The model is based on Qwen3-0.6B and as such can be deployed everywhere Qwen3-0.6B can. However, we recommend deploying using SGLang.
SGLang:
python -m sglang.launch_server --model-path Qwen/Qwen3-0.6B --reasoning-parser qwen3
Here is an example API call using an OpenAI compatible server to extract the probability for each label.
import math
from openai import OpenAI
# Initialize the client pointing to your vLLM server
client = OpenAI(
base_url="http://localhost:8000/v1", # Replace with your endpoint URL if remote
api_key="EMPTY"
)
model_id = "NOSIBLE/financial-sentiment-v1.1-base"
# Input text to classify
text = "The company reported a record profit margin of 15% this quarter."
# Define the classification labels
labels = ["positive", "negative", "neutral"]
# Prepare the conversation
messages = [
{"role": "system", "content": "Classify the financial sentiment as positive, neutral, or negative."},
{"role": "user", "content": text},
]
# Make the API call
chat_completion = client.chat.completions.create(
model=model_id,
messages=messages,
temperature=0,
max_tokens=1,
stream=False,
logprobs=True, # Enable log probabilities to calculate confidence
top_logprobs=len(labels), # Ensure we capture logprobs for our choices
extra_body={
"chat_template_kwargs": {"enable_thinking": False}, # Must be set to false.
"regex": "(positive|neutral|negative)",
},
)
# Extract the response content
response_label = chat_completion.choices[0].message.content
# Extract the logprobs for the generated token to calculate confidence
first_token_logprobs = chat_completion.choices[0].logprobs.content[0].top_logprobs
print(f"--- Classification Results ---")
print(f"Input: {text}")
print(f"Predicted Label: {response_label}\n")

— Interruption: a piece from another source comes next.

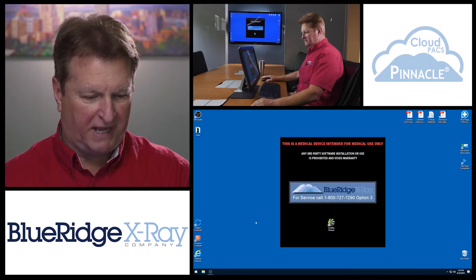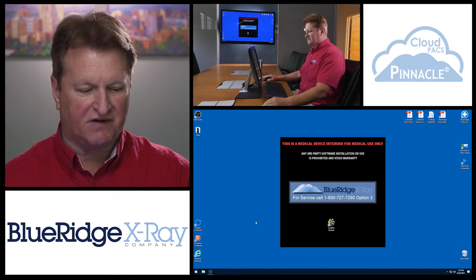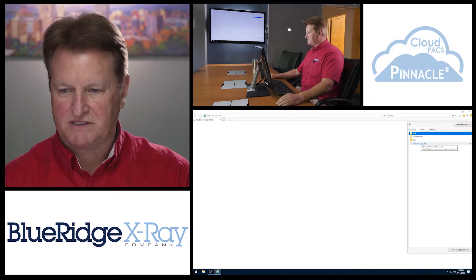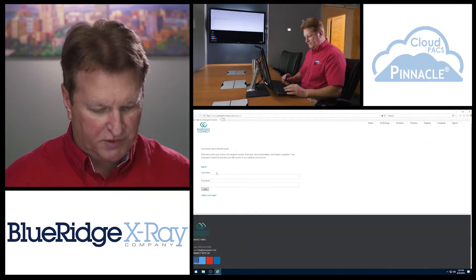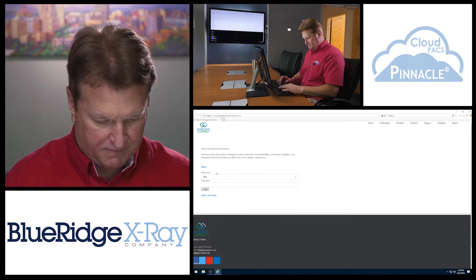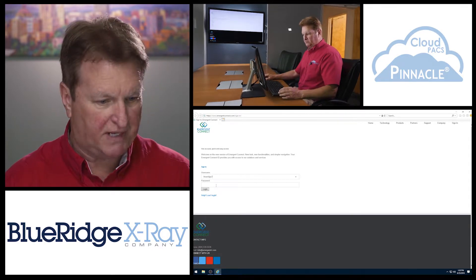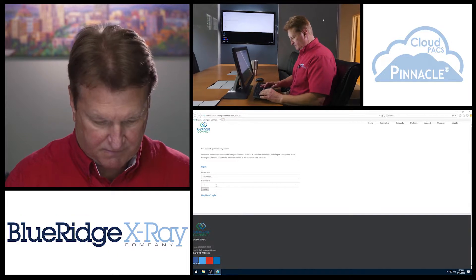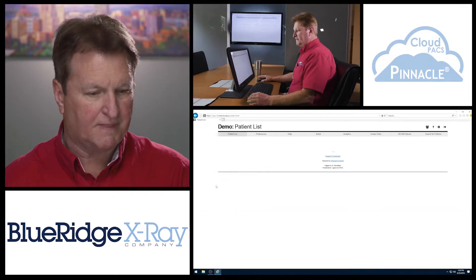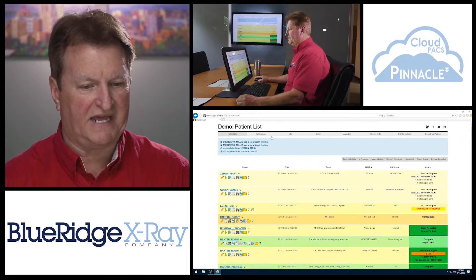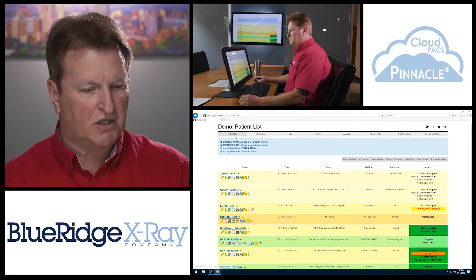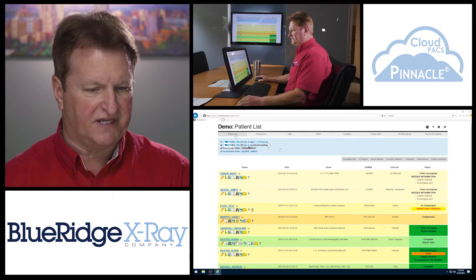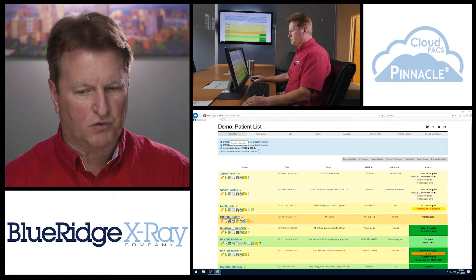To launch the Pinnacle Packs from any browser and any device connected to the internet, I save it in my favorites. You simply put in your unique username and your password — these are configurable by the admin at setup. It launches to the patient list screen and to an information bar at the very top that gives significant information such as significant findings, incomplete orders, etc.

print("--- Label Confidence ---")
for lp in first_token_logprobs:
# Convert log probability to percentage
probability = math.exp(lp.logprob)
print(f"Token: '{lp.token}' | Probability: {probability:.2%}")
Expected Output
--- Classification Results ---
Input: The company reported a record profit margin of 15% this quarter.
Predicted Label: positive
--- Label Confidence ---
Token: 'positive' | Probability: 99.97%
Token: 'neutral' | Probability: 0.02%
Token: 'negative' | Probability: 0.01%
Using the regex constrains the output to one of positive, neutral, or negative, although substring matches may still occur.
Local Use: Applications such as Ollama, LMStudio, MLX-LM, llama.cpp, and KTransformers also support Qwen3 architectures.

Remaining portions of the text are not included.